*** Opening Data shown ***

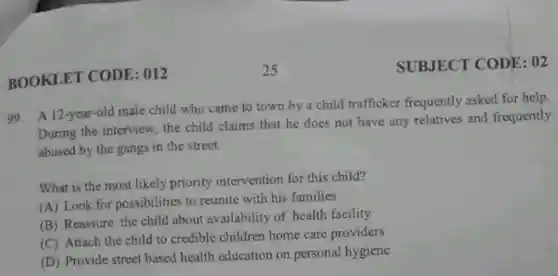 BOOKLET CODE: 012
99. A 12-year-old male child who came to town by a child trafficker frequently asked for help.
During the interview the child claims that he does not have any relatives and frequently
abused by the gangs in the street.
What is the most likely priority intervention for this child?
(A) Look for possibilities to reunite with his families
(B) Reassure the child about availability of health facility
(C) Attach the child to credible children home care providers
(D) Provide street based health education on personal hygiene
SUBJECT CODE: 02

*** Closing Data shown ***

#### Your assignment
Copy exactly, and only, the lines from the line that contains "abused by the gangs in the street." through the end of the data above.

#### Written solution
abused by the gangs in the street.
What is the most likely priority intervention for this child?
(A) Look for possibilities to reunite with his families
(B) Reassure the child about availability of health facility
(C) Attach the child to credible children home care providers
(D) Provide street based health education on personal hygiene
SUBJECT CODE: 02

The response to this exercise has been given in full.